|
Titel |
Confronting GIA models to a probabilistic surface reconstruction of relative sea-level rise |
VerfasserIn |
Gael Choblet, Laurent Husson, Thomas Bodin, Yann Capdeville |
Konferenz |
EGU General Assembly 2013
|
Medientyp |
Artikel
|
Sprache |
Englisch
|
Digitales Dokument |
PDF |
Erschienen |
In: GRA - Volume 15 (2013) |
Datensatznummer |
250076689
|
|
|
|
Zusammenfassung |
Since the first formulation of the 'sea-level equation' in the late 1960s, GIA modelling of sea-level
change amounts now to a rich litterature. The most recent observations of the time variations
of the Earth's gravity field by the GRACE experiment as well as the latest modelling efforts for the
viscoelastic response of the Earth's mantle to the collapse of the Pleistocene ice sheet (e.g. including
lateral viscosity variations) tend however to indicate that further progress is still required in this field,
with a more precise description of the history of ice sheets since the last glacial maximum and of
the viscous rheology of the mantle.
A complementary approach to the modelling efforts is the observation of relative sea-level rise.

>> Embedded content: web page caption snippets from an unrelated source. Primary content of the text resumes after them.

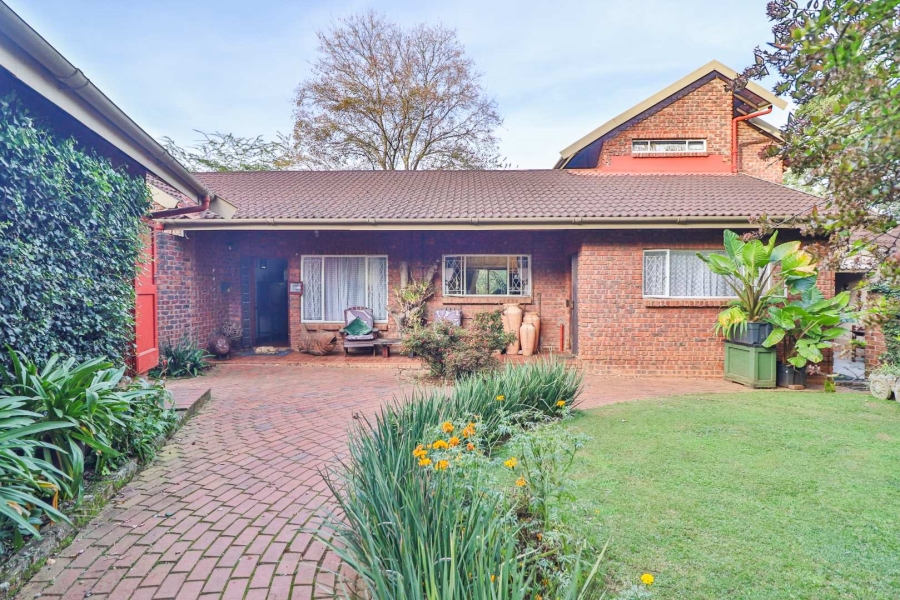 4 Bedroom Property for Sale in Greendale KwaZulu-Natal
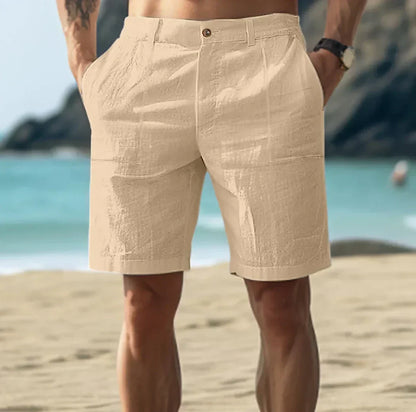 "Beige hør shorts til mænd med klassisk pasform. Let stof, ideel til varme dage. Perfekt til stil og komfort."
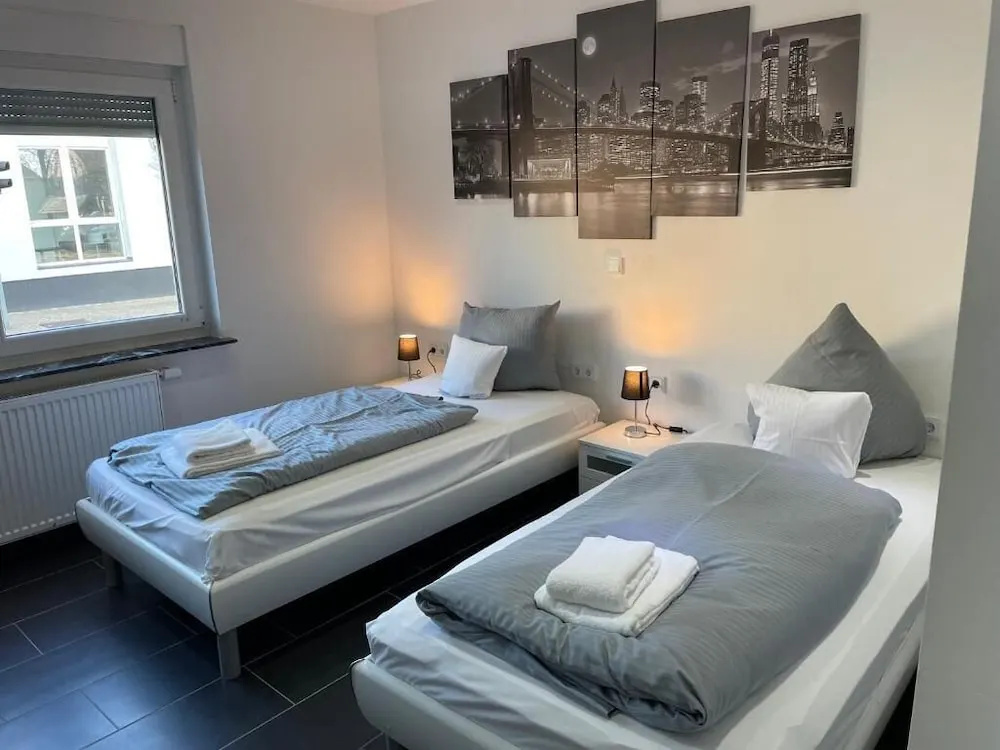 Apartment am Rosenplatz 24-hour check-in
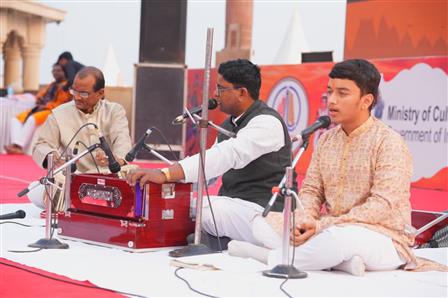 15 दिसंबर, 2025 को उत्तर प्रदेश के वाराणसी स्थित नमो घाट पर आयोजित सांस्कृतिक प्रस्तुतियों ने ताल, भाव और परंपरा को एक साथ पिरोते हुए जीवंत रंग बिखेरे। इन मनमोहक प्रस्तुतियों ने वाराणसी में दर्शकों को भारतीय सांस्कृतिक विरासत की विविधता और ऊर्जा का एहसास कराया।:Ministry of Education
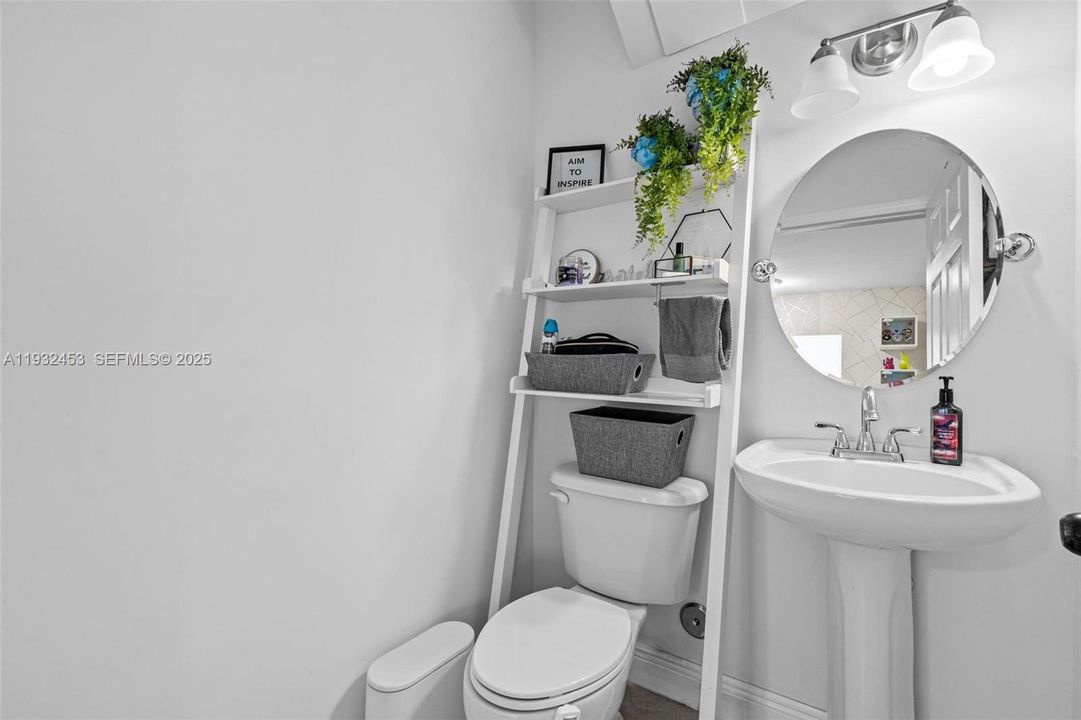 For Sale: $485,000 (4 beds, 2 baths, 1762 Square Feet)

Thanks to relatively long records at specific locations, tide gauges represent the only mean
to monitor secular sea-level rise at present-day. In addition, altimetry based measurements
of high quality also exist since the satellite era (since the 1990s) that provide sea-level trends
partly affected by shorter-term fluctuations. We propose here a global surface reconstruction
of relative sea level from tide gauge records using a probabilistic scheme based on the reversible
jump Markov chain Monte Carlo algorithm (as described by Bodin et al., JGR, 2012 for the example
of the Australian Moho). This method allows to infer both model and parameter space so that
not only the functions within the model but also the number of functions itself are free to vary.
This is particulalry interesting in the case of tide gauges observations that are unevenly distributed
on the surface of the Earth (very sparse in the Southern hemisphere) and whose records are associated
to stronlgy varying lengths (and thus varying uncertainties on the local sea level trend).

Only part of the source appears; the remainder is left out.